** Opening Data block **
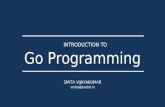 Introduction to Go programming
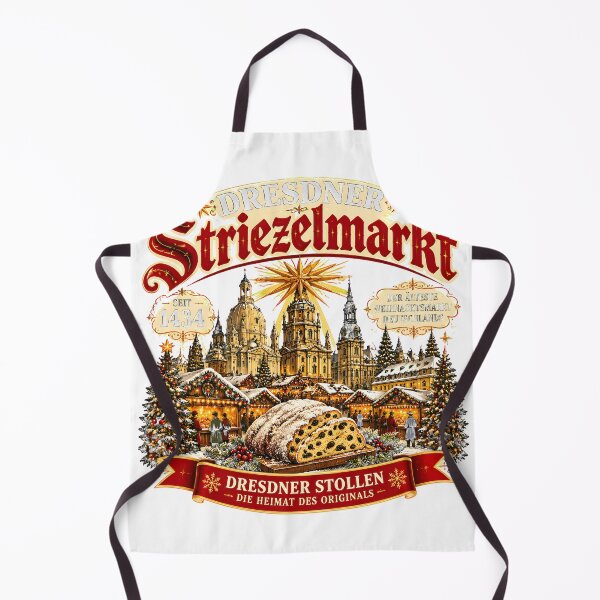 Item preview, Vintage Dresden Striezelmarkt Stollen Germany Christmas Market designed and sold by Maladies.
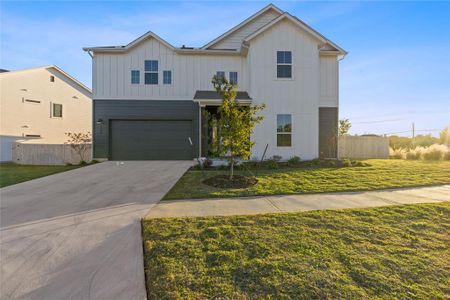 New construction Single-Family house 120 Brooks Ranch Dr, Kyle, TX 78640 Orchid- photo 0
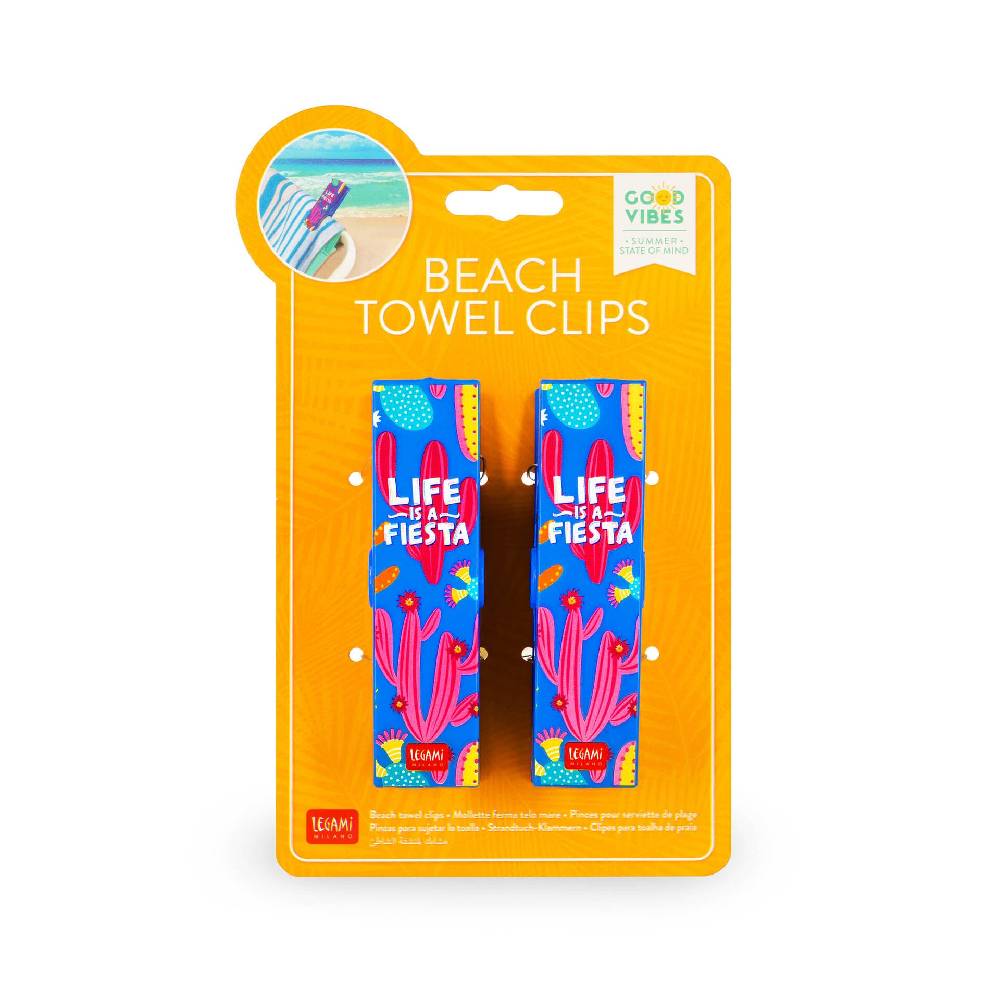 Legami Set di 2 Mollette Ferma Telo Mare - Beach Towel Clips Nuova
** Closing Data block **
▶ _Task requirements_
The expected answer is the full listing above, transcribed exactly and without pictures.

▶ _Your response_
 Introduction to Go programming
 Item preview, Vintage Dresden Striezelmarkt Stollen Germany Christmas Market designed and sold by Maladies.
 New construction Single-Family house 120 Brooks Ranch Dr, Kyle, TX 78640 Orchid- photo 0
 Legami Set di 2 Mollette Ferma Telo Mare - Beach Towel Clips Nuova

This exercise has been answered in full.